The majority of El Naschie's later publications concern his own controversial E-infinity theory that the universe has an infinite number of dimensions and is based on a Cantor continuum. Mathematical physicist professor John C. Baez of the University of California, Riverside has called El Naschie's work "undisciplined numerology filled with impressive buzzwords", while cosmologist Neil Turok of the Perimeter Institute, testifying as an expert witness against El Naschie in a British court case, has strongly criticized the quality of El Naschie's papers, based on criteria such as the occurrence of meaningless or obscure statements, wrong statements, and the lack of any substantial contribution of new knowledge to the field concerned.
In 2002, El Naschie was awarded a Fellowship by the Frankfurter Förderverein für Physikalische Grundlagenforschung, a private organisation devoted to supporting research, in appreciation of his "original ideas in developing a theory of fractal space-time allowing the determination of the basic constants of nature".

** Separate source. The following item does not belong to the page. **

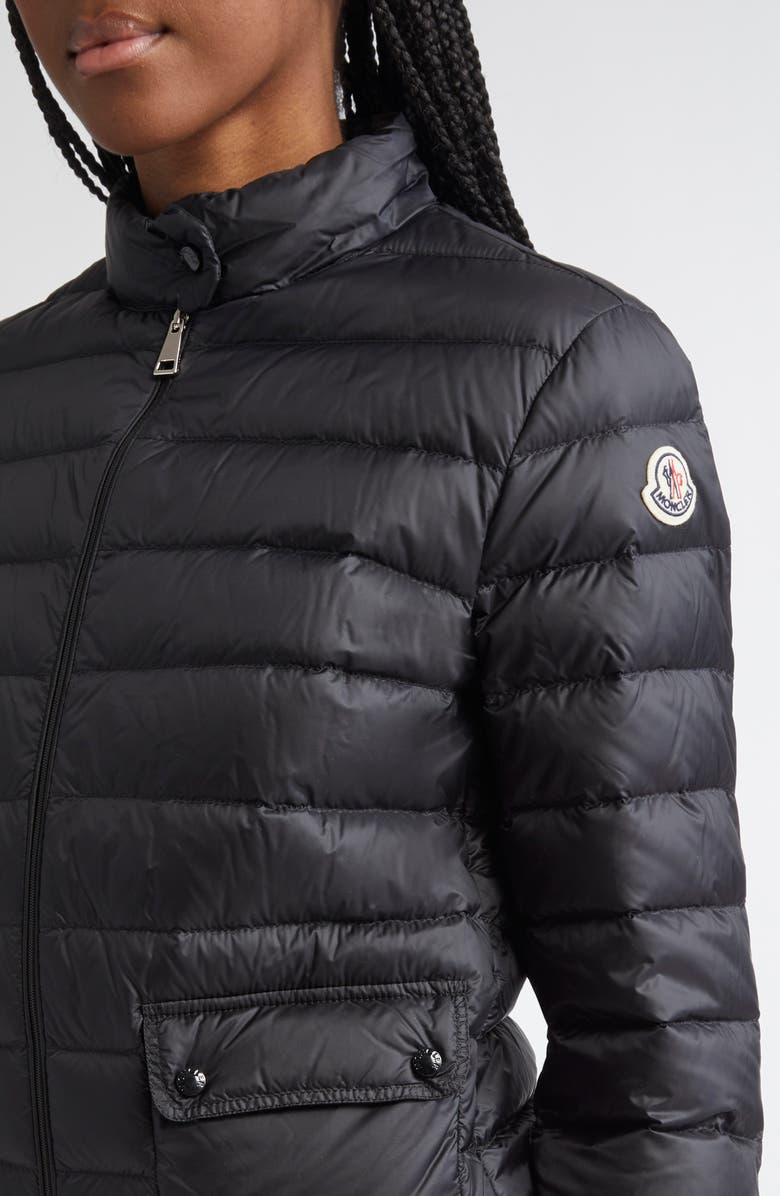 Moncler Lans Down Jacket, Alternate, color, Black/ Black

==Chaos, Solitons & Fractals==

At the end of the 1980s, chaos theory and fractal mathematics were in fashion, and El Naschie wished to apply these concepts to engineering. In 1991 El Naschie founded the scientific journal Chaos, Solitons & Fractals, initially with the British publisher Pergamon Press. When Pergamon was sold, the journal passed to the Elsevier stable. He served as its editor-in- hief until his retirement in 2009. El Naschie published over 300 of his own papers in the journal, and this extremely high rate of self-publication by the editor-in-chief led to charges that normal standards of peer review were not upheld at the journal. Peter Woit of Columbia University was quoted as saying "it's plain obvious that there was either zero, or at best very poor, peer review, of his own papers". El Naschie has said "Senior people are above this childish, vain practice of peer review." Otto Rössler, an honorary editor of the journal and a biochemist best known for his involvement in a failed lawsuit to halt the Large Hadron Collider due to fears that it would generate mini black holes, stated in British court testimony that "if you have something new to offer, peer review is dangerous" and "delays progress in science". The journal also had a high level of self-citation, which increased its impact factor.

==Nature libel case==
In 2008, the journal Nature published a news article by Quirin Schiermeier alleging that some of El Naschie's papers did not appear to be properly peer-reviewed and that he claimed institutional affiliations that could not be confirmed. El Naschie disputed these allegations and sued Nature for libel. In July 2012 the case was dismissed, with the judge ruling that the article was "substantially true", contained "honest comment" and was "the product of responsible journalism". The judgement noted that El Naschie, who represented himself in court, had failed to provide any documentary evidence that his papers had been peer-reviewed.
Judge Victoria Sharp also found "reasonable and serious grounds" for suspecting that El Naschie used a range of false names to defend his editorial practice in communications with Nature and described this behavior as "curious" and "bizarre".

==University ranking controversy==

El Naschie's practice of publishing a great number of articles in a journal of which he himself was the editor also came to public attention when it was identified as a crucial contributing factor for propelling Alexandria University into the top group of the Times Higher Education magazine's university rankings. This evidence of such rankings being easily skewed has led to criticism of the methodology of university rankings in general.